- Work to be completed
Could you print, exactly and without pictures, only the lines from the one with "Fridge with bakery products in shop, closeup" through the end of the records below?

##### Dataset excerpts

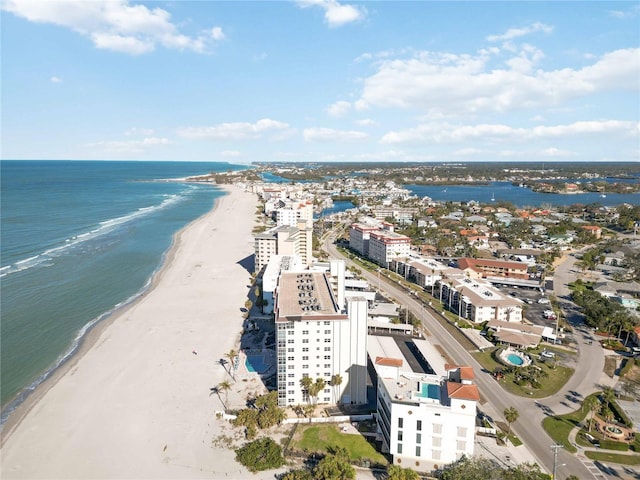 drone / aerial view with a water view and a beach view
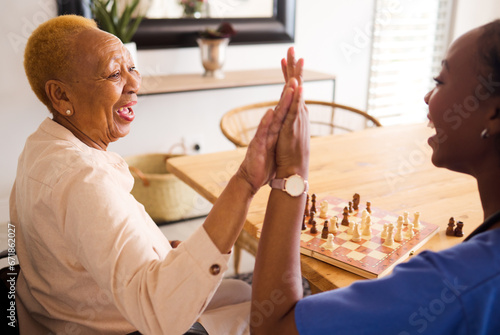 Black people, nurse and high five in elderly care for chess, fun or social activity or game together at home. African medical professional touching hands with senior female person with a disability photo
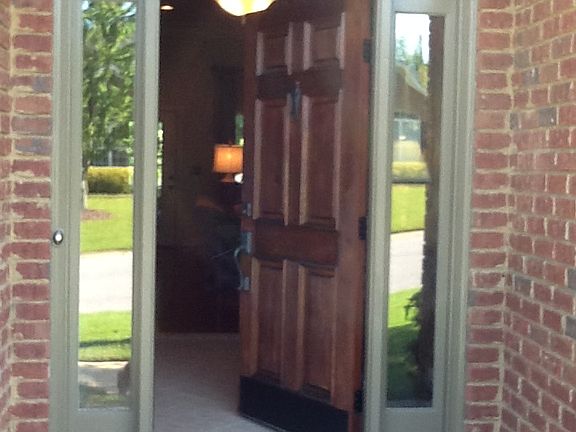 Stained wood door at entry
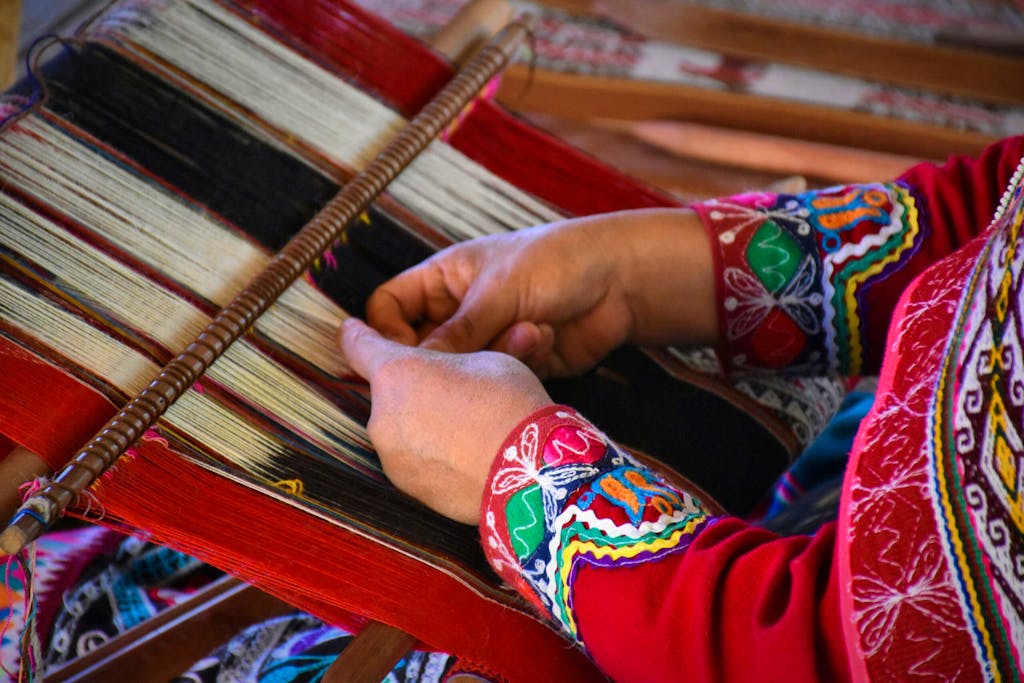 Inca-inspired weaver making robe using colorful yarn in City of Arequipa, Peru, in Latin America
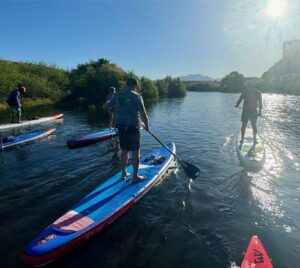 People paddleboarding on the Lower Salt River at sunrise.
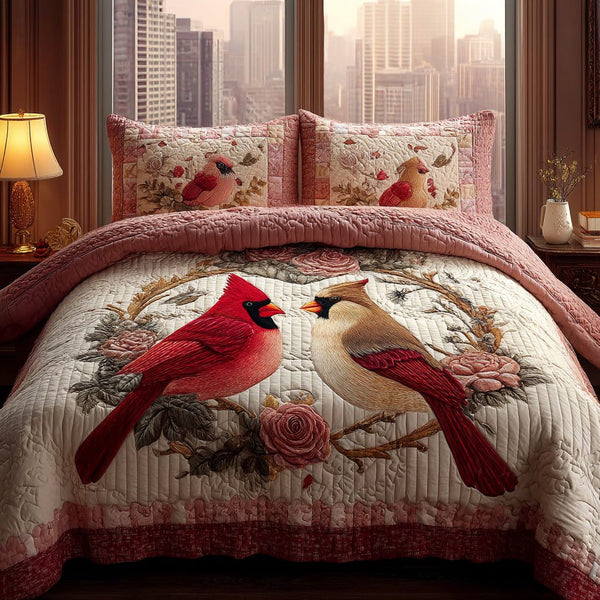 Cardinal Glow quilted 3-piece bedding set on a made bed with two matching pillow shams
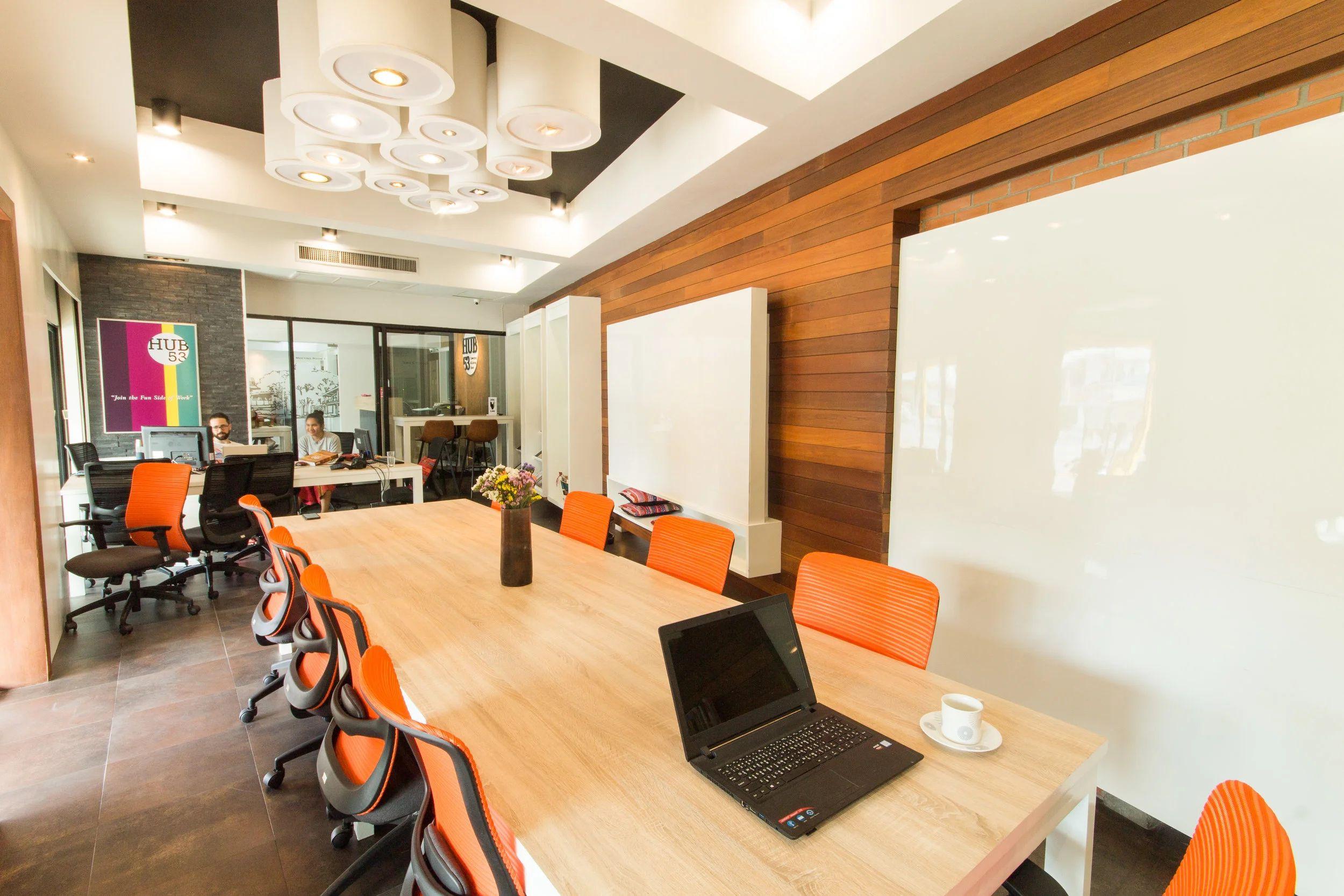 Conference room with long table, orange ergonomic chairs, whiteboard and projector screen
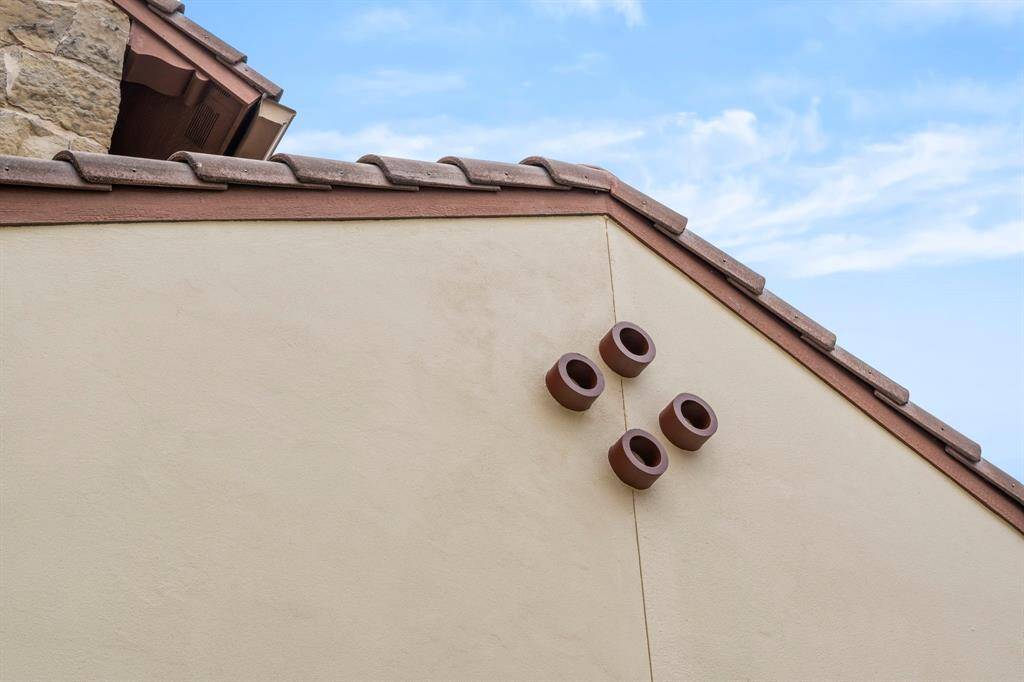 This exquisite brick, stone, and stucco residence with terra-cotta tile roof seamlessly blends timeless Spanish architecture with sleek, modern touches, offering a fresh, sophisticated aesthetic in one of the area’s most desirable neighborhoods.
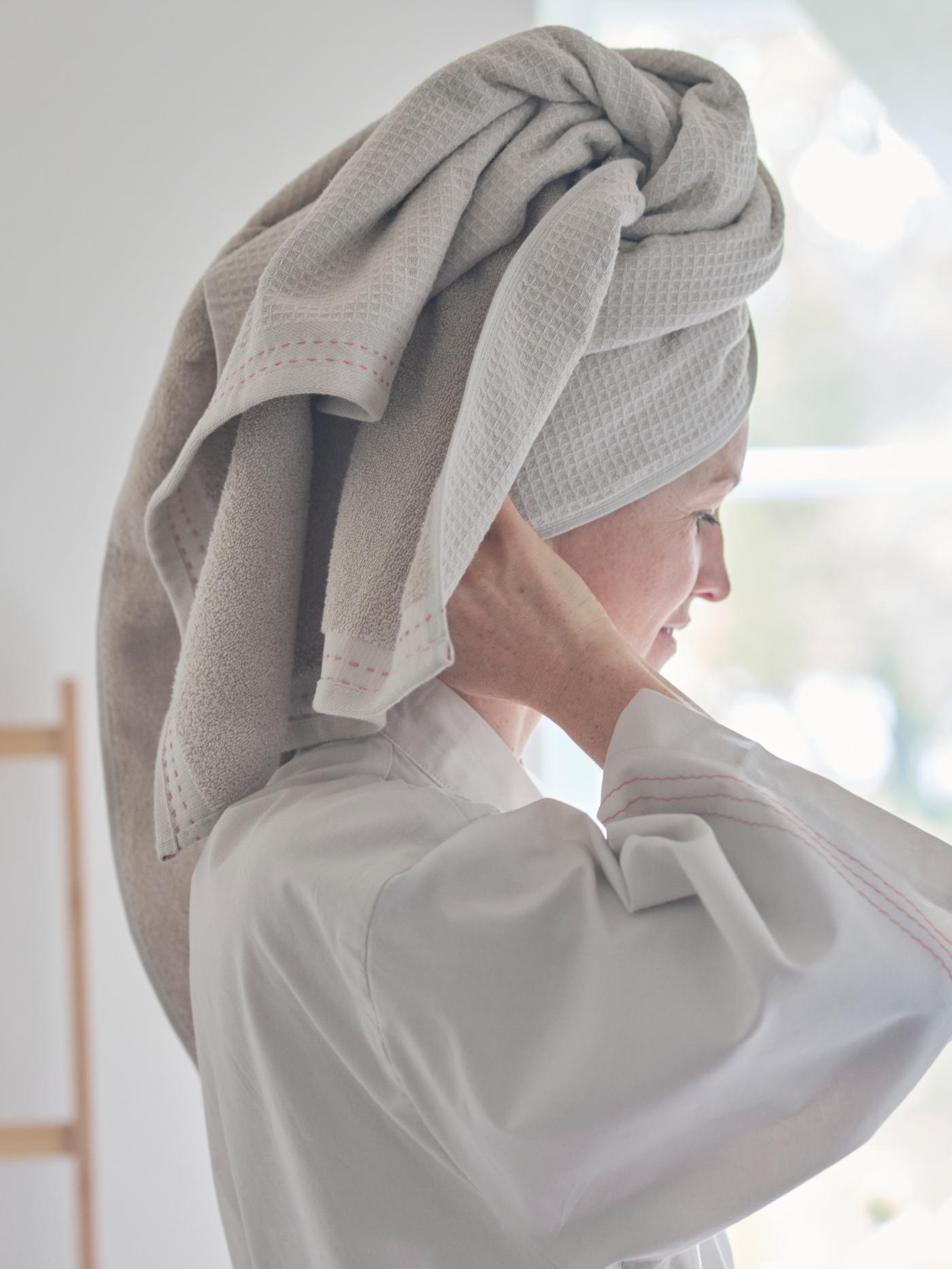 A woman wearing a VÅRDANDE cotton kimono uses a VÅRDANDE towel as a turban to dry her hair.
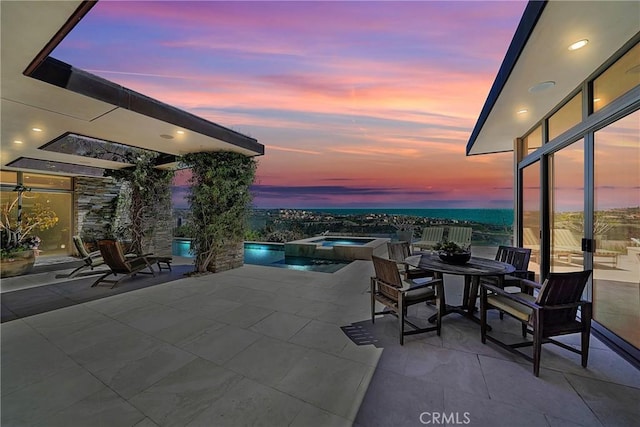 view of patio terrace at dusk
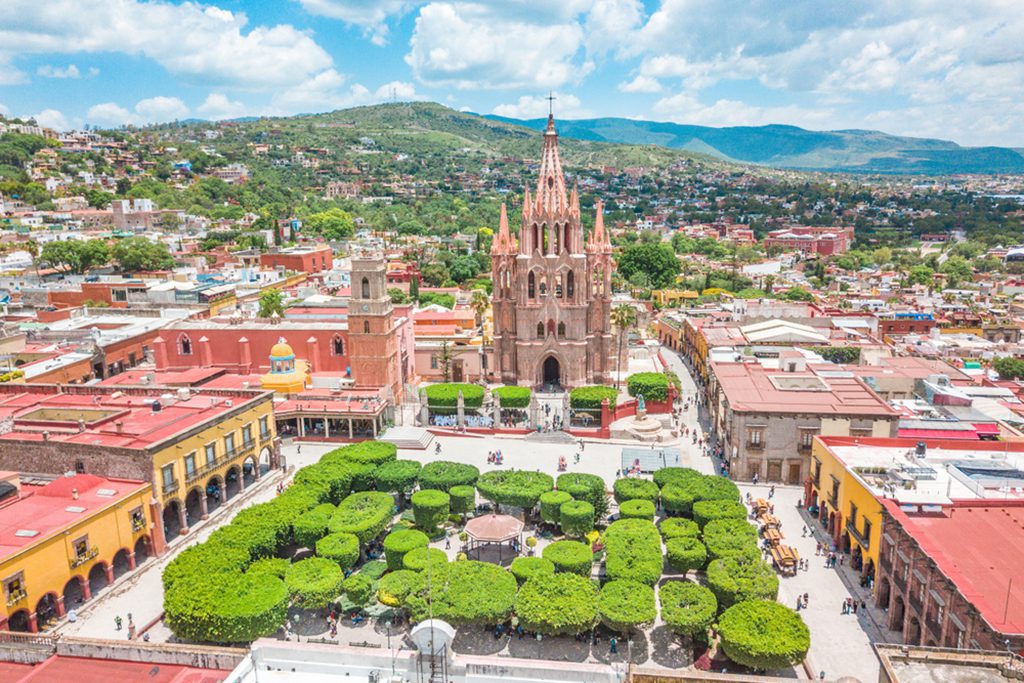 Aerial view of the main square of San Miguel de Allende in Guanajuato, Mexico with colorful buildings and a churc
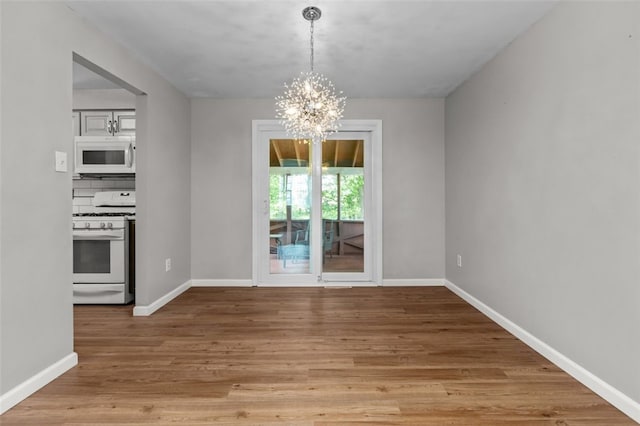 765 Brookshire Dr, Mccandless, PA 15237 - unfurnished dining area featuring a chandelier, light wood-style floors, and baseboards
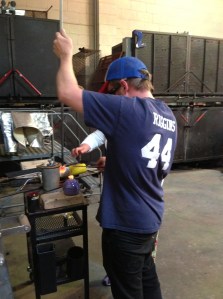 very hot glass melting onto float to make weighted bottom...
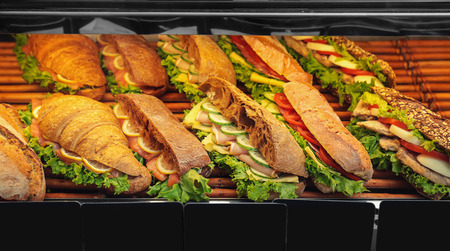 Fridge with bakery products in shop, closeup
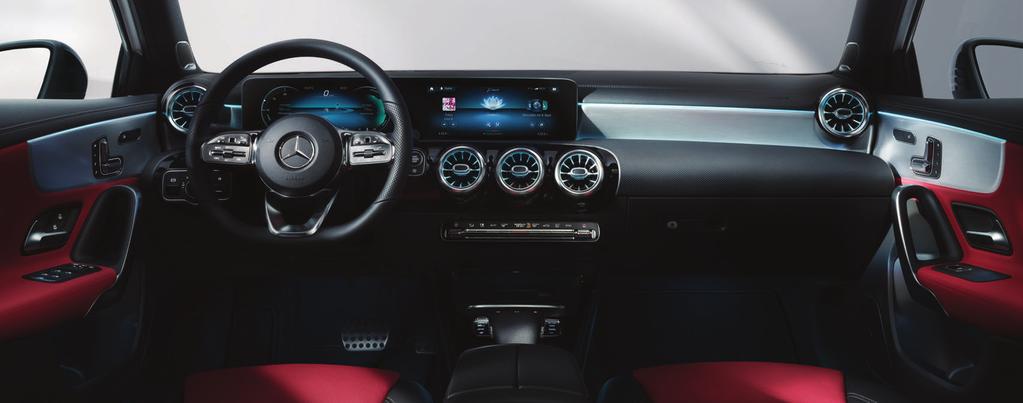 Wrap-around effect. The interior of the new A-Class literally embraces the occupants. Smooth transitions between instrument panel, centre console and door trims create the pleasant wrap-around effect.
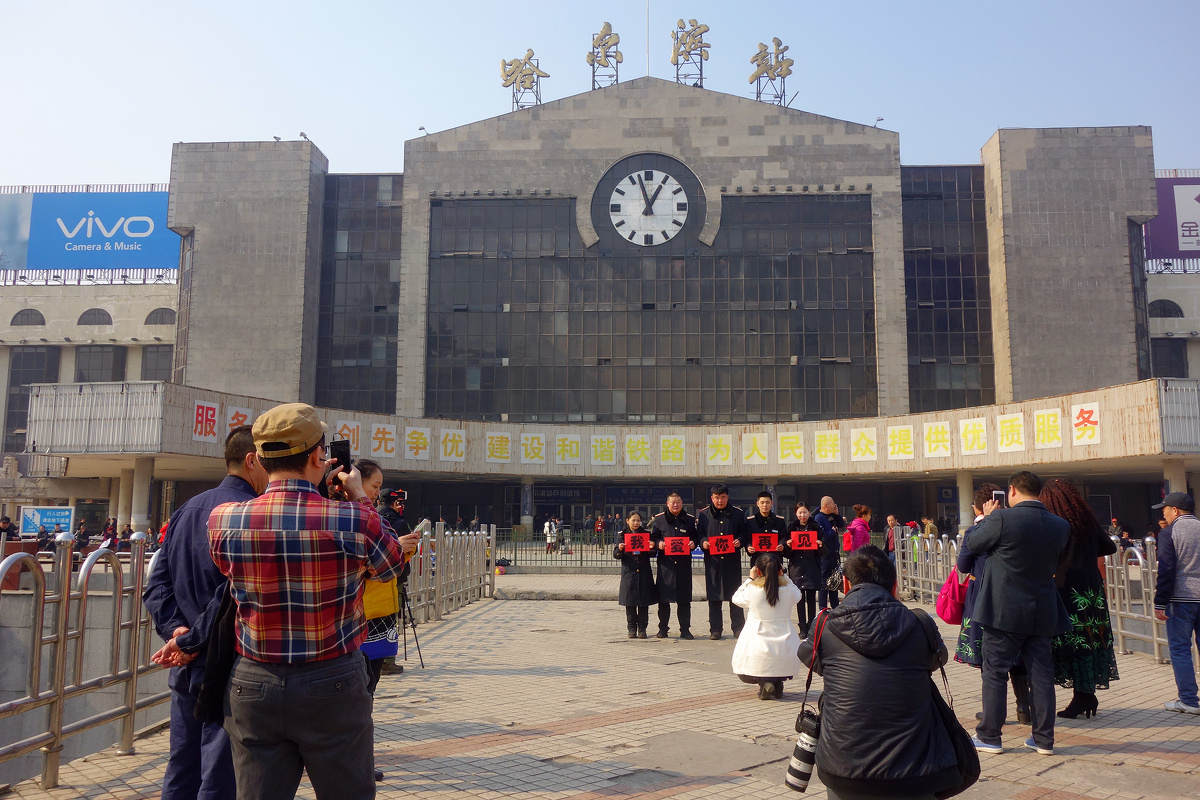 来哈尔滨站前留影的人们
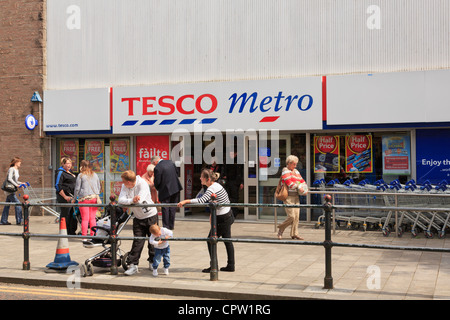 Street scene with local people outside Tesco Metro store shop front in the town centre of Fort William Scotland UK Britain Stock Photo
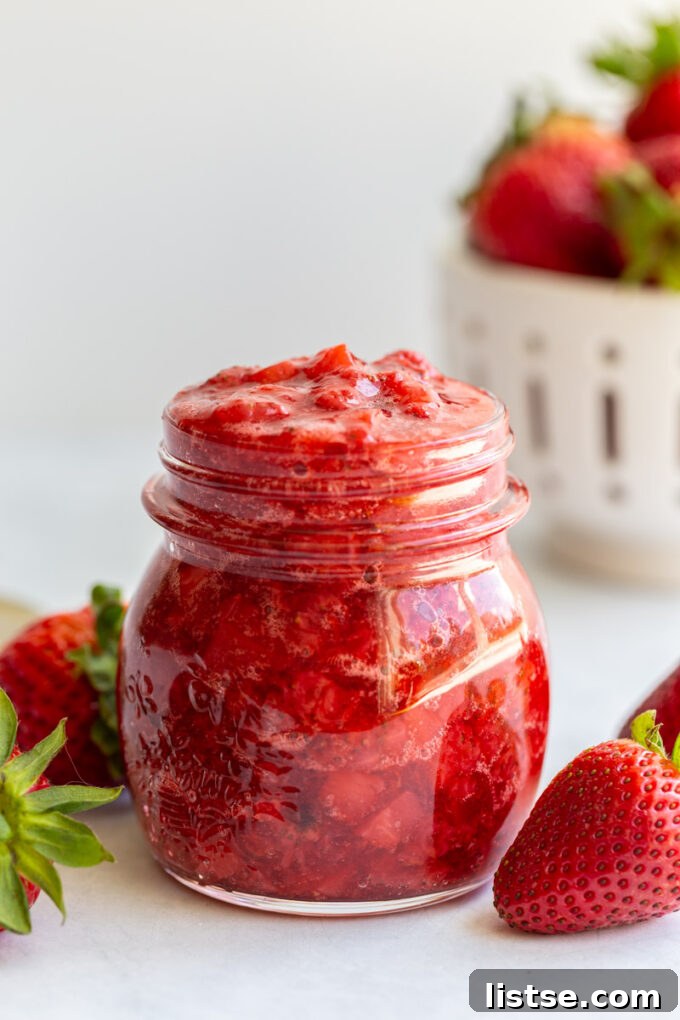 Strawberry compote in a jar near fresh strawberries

##########

- Solution below
 Fridge with bakery products in shop, closeup
 Wrap-around effect. The interior of the new A-Class literally embraces the occupants. Smooth transitions between instrument panel, centre console and door trims create the pleasant wrap-around effect.
 来哈尔滨站前留影的人们
 Street scene with local people outside Tesco Metro store shop front in the town centre of Fort William Scotland UK Britain Stock Photo
 Strawberry compote in a jar near fresh strawberries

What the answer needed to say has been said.